Kerja Keras demi Manis Semangka
Manis dan segarnya semangka di Pulau Jawa boleh jadi berasal dari petani Junti di Kabupaten Indramayu, Jawa Barat. Selama puluhan tahun, mereka merantau, mencari lahan untuk ditinggali sementara dan ditanami semangka.
Manis dan segarnya semangka di Pulau Jawa boleh jadi berasal dari petani Junti di Kabupaten Indramayu, Jawa Barat. Selama puluhan tahun, mereka merantau, mencari lahan untuk ditinggali sementara dan ditanami semangka. Ilmu tentang menanam semangka pun ditularkan kepada warga setempat. Tahun ini kesetiaan mereka diuji waktu.
Setelah hampir tiga bulan meninggalkan keluarga, Dedi (43) akhirnya kembali ke rumahnya di Desa Juntiweden, Kecamatan Juntinyuat, Indramayu, pertengahan September 2019. Hari-hari jauh dari istri dan anak serta hidup ala kadarnya tanpa televisi dan toilet sudah berlalu.
Pada Juli lalu, bapak tiga anak ini mulai tinggal di Desa Dukuh, Kecamatan Kapetakan, Kabupaten Cirebon, sekitar 24 kilometer dari desanya. Meskipun tidak terlalu jauh, Dedi tidak bisa pergi pulang ke rumahnya. Sebagai petani semangka, ia harus tinggal di gubuknya yang berada di tengah sawah sewaan.
Tahun ini, di musim kemarau panjang, Dedi mendapat potongan harga. Untuk sawah seluas 2,1 hektar, ia hanya membayar Rp 2,2 juta selama musim tanam Juli-September. Nominal tersebut tergolong murah. Apabila pada musim hujan, harga sewa tanah bisa sampai Rp 4 juta per hektar.
Gubuk dengan rangka bambu itu beratap dan berdinding terpal. Alasnya berupa tanah, tetapi khusus tempat tidur dilapisi terpal dan kasur. Dalam gubuk berukuran 5 meter x 5 meter itu terselip elpiji kemasan 3 kilogram, beras, kompor, perlengkapan shalat, serta pupuk dan pestisida.

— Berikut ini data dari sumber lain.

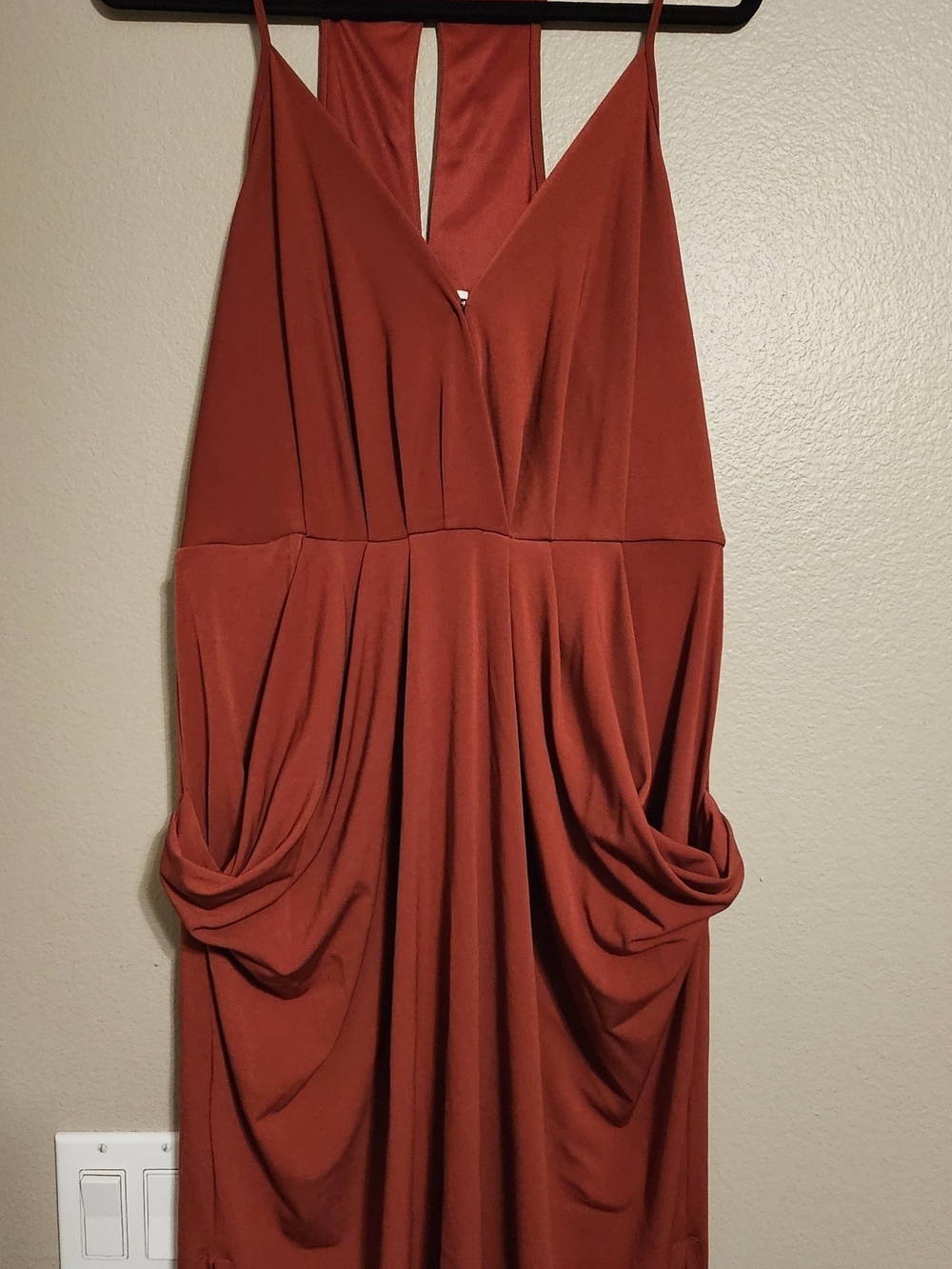 BCBGeneration Strapless Rust Red Draped Cocktail Dress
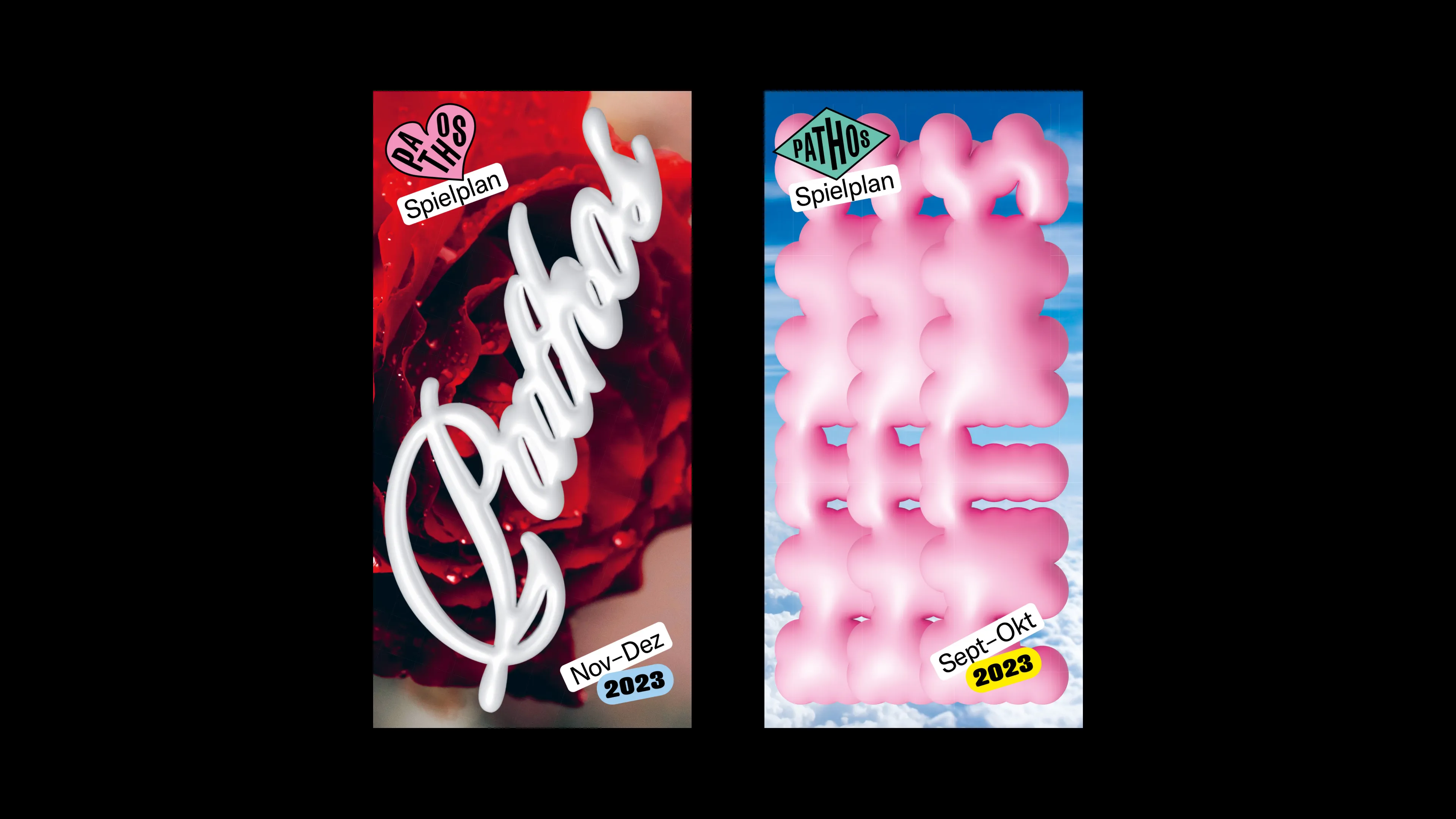 Scans der Flyervorderseiten der Pathos-Programme von November-Dezember 2023 und September–Oktober 2023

Ada pula kelambu untuk menghalau gigitan nyamuk. Ketika malam tiba, lampu yang terhubung dengan aki bersinar. Suara jangkrik juga mencuri perhatian di tengah sunyinya sawah. Kondisi serupa tampak di dua gubuk lainnya yang diisi tiga petani asal Junti—sebutan bagi warga Desa Juntiweden, Juntikebon, Juntikedokan, dan Juntinyuat. Semua perkakas diangkut dari rumah menggunakan sepeda motor roda tiga dengan bak terbuka di belakang.
”Syukurlah, di sini enggak ada ular,” ucapnya diiringi tawa.

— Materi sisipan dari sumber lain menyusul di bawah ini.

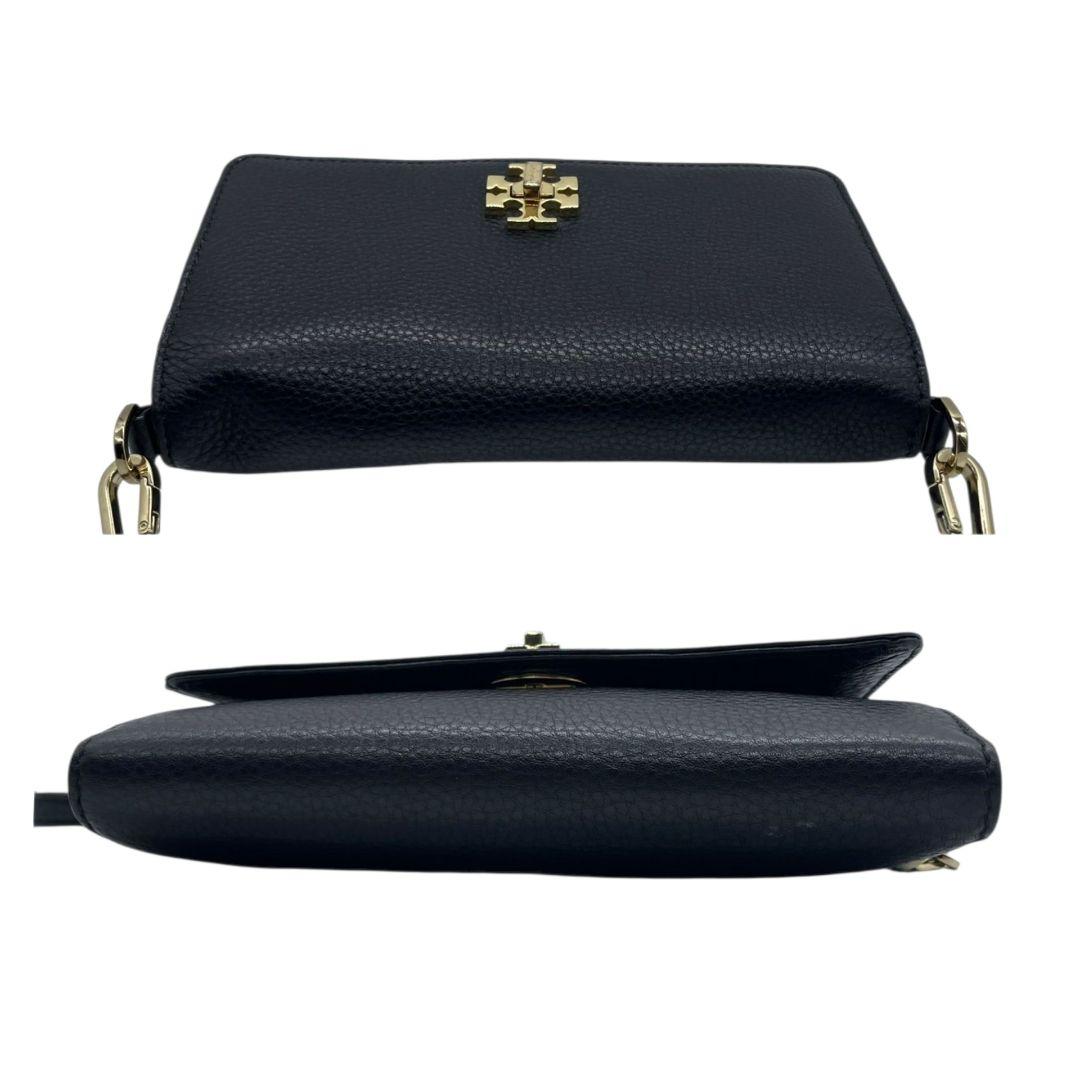 トリーバーチ ショルダーバッグ 黒 ロゴ フラップ レザー チェーン s5 本革 斜め掛け可 ブラック ゴールド金具 TORY BURCH オシャレ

Jika musim hujan, Dedi membawa ranjangnya ke gubuk untuk menghindari hewan melata tersebut. Garam juga ditabur di sekitar gubuk.
Untuk buang air kecil dan besar, ia membuat lubang di dekat gubuk. Di dekatnya ada kolam kecil berisi air yang diambil dari saluran irigasi sawah. Air keruh di kolam tanah itu digunakan untuk mencuci, mandi, dan sikat gigi.
”Enggak gatal, sudah biasa pakai air itu,” ucapnya.
Untuk minum, mereka membeli air galon. Maklum, minuman panas, seperti teh dan kopi, kerap disajikan kepada warga atau aparat desa yang berkunjung. Rokok dan obrolan ringan menjadi hiburan setelah pagi hingga sore sibuk memberi pupuk dan menyiram semangka.
Baca Juga : Nasi Kapau Merantau ke Nusantara
Rutinitas mereka dilakukan hampir tiga bulan, mulai dari menyiapkan lahan hingga memanen semangka di lahan sewaan. Dedi mengolah lahan 1 bahu (0,7 hektar) dengan modal tanam dan kebutuhan harian Rp 25 juta. Biaya terbesar untuk pembelian pupuk dan pestisida lebih dari Rp 10 juta. Semuanya lebih besar dibandingkan dengan modal menanam padi, total sekitar Rp 7 juta.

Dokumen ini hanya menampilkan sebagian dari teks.